Have you ever wondered why flight attendants are required to demonstrate how to work the safety belts on the airplane, even if the plane is nearly empty and every single passenger has flown many times before? Studies have shown that people in an emergency can forget that the airline safety belts work differently than the ones they use in cars. Yes, people can actually get stuck in an airplane seat because they can’t remember to “lift up on the buckle to release.” That recent reminder aims to override the reflex response.
When people are panicked, they’re not always who they think they are. A different set of responses take over when survival is at stake. So what’s wrong with being reminded about the law that requires motorists to yield to pedestrians? Isn’t that similar to the flight attendant rehearsing emergency procedures?
Similar, but not the same. I’d have no gripe with the signs if they didn’t include a miniature stop sign in its argumentative statement.
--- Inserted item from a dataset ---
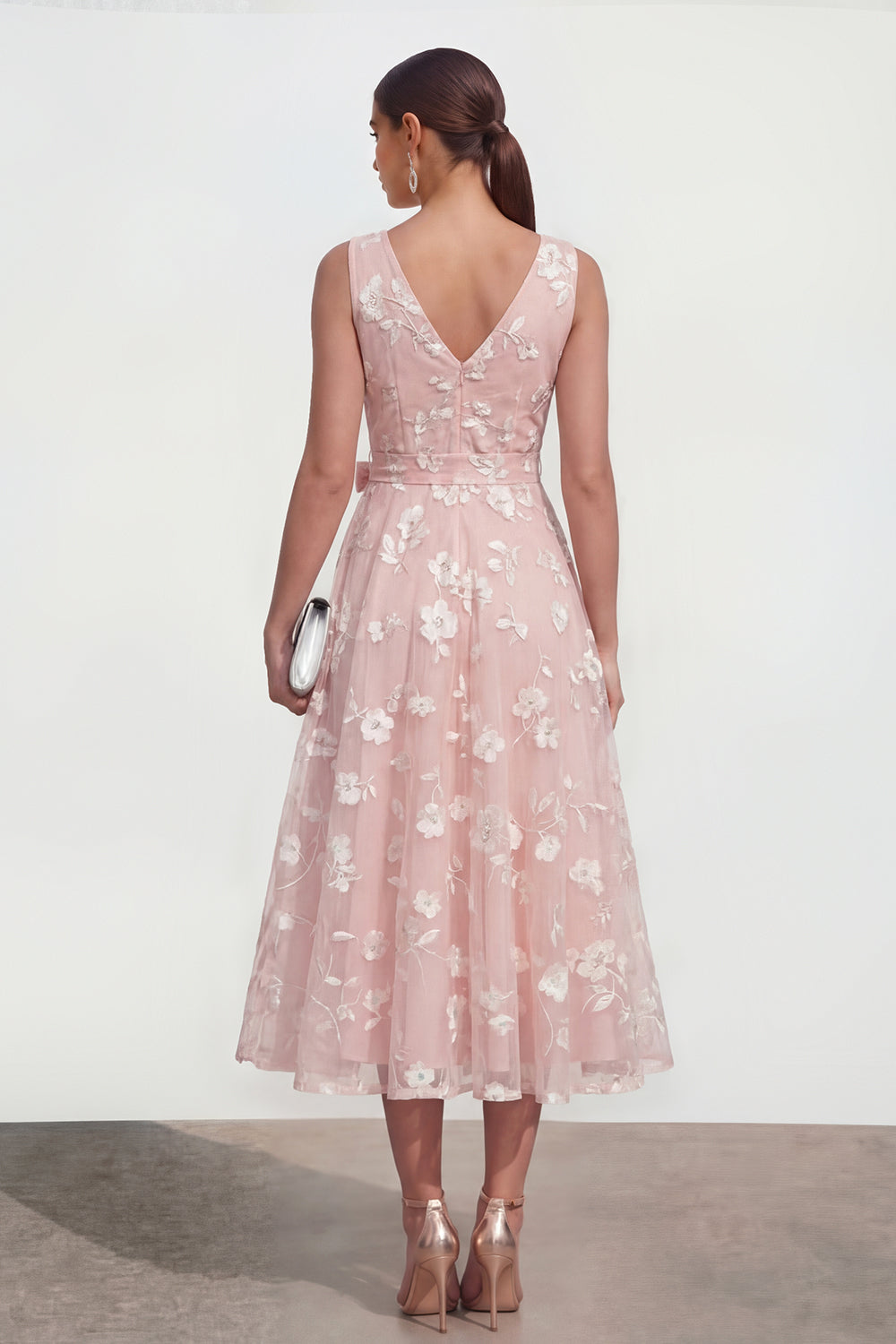 Aprikose Lila Floral A-Line Midi Dress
The four letters would suffice to convey the information in a way that works in non-urgent situations. The iconic red octagon must retain its visceral urgency to remain effective.
When we see that shape and color, we stop first and ask questions later. That’s how it should be. Now we’re asking every driver to evaluate context and conditions every time they see that red shape. Is it part of a discursive message or is it standing alone without explanatory context? Should I stop or should I ask myself whether I should stop?
Drivers will reprogram their reactions at different paces, inviting new and unnecessary havoc.
I find myself tapping my brakes on Willamette Street when there are no pedestrians anywhere around. Somebody following close behind me might not expect my seemingly random braking. Worse than that, a driver might accidentally blow through a conventional stop sign, because there are no pedestrians in sight, when crossing traffic has the right of way.
Pedestrians certainly need more protection. A dozen pedestrians die every day in traffic accidents, according to the National Highway Traffic Safety Administration. A pedestrian injury occurs approximately every eight minutes. This little change in roadway adornment was designed to save lives, but it could end up making things worse.
The solution may be stop signs, but it’s not maybe stop signs.